Material shown →
=== Section Start ===

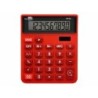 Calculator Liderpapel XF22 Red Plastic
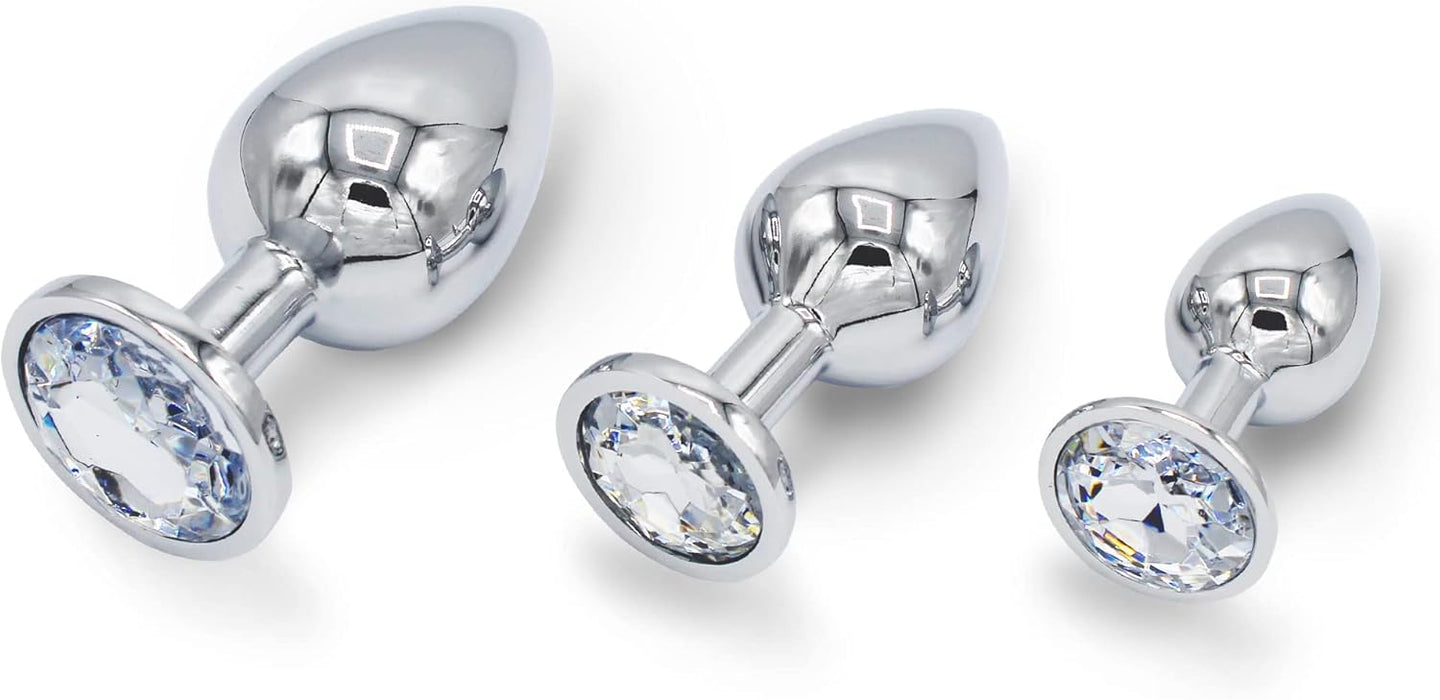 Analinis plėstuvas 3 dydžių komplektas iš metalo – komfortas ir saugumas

=== Section End ===
=== Section Start ===

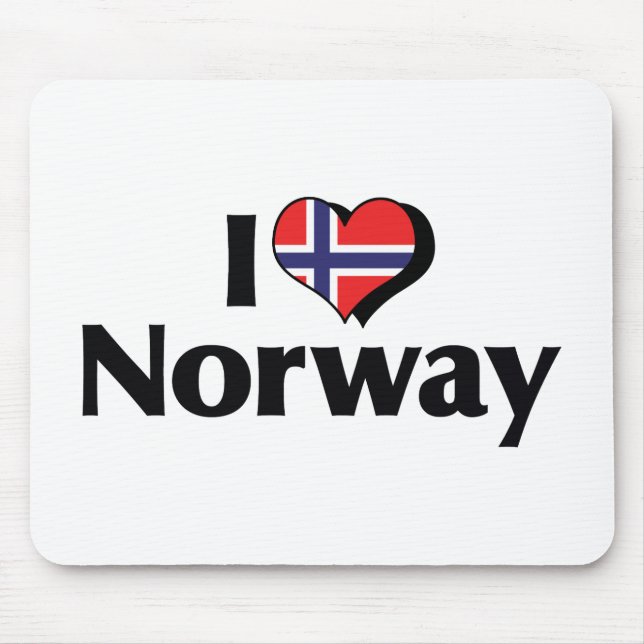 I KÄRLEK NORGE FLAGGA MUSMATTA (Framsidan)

=== Section End ===
=== Section Start ===

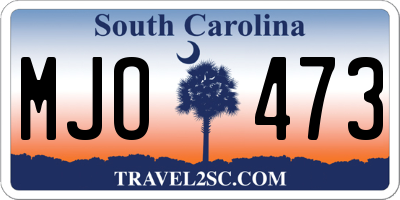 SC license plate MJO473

=== Section End ===

Work item → Each line above starting at the one holding "Calculator Liderpapel XF22 Red Plastic" and ending at the one holding "Analinis plėstuvas 3" should be set down exactly as it stands, both ends included, with no pictures.

Problem solution →
 Calculator Liderpapel XF22 Red Plastic
 Analinis plėstuvas 3 dydžių komplektas iš metalo – komfortas ir saugumas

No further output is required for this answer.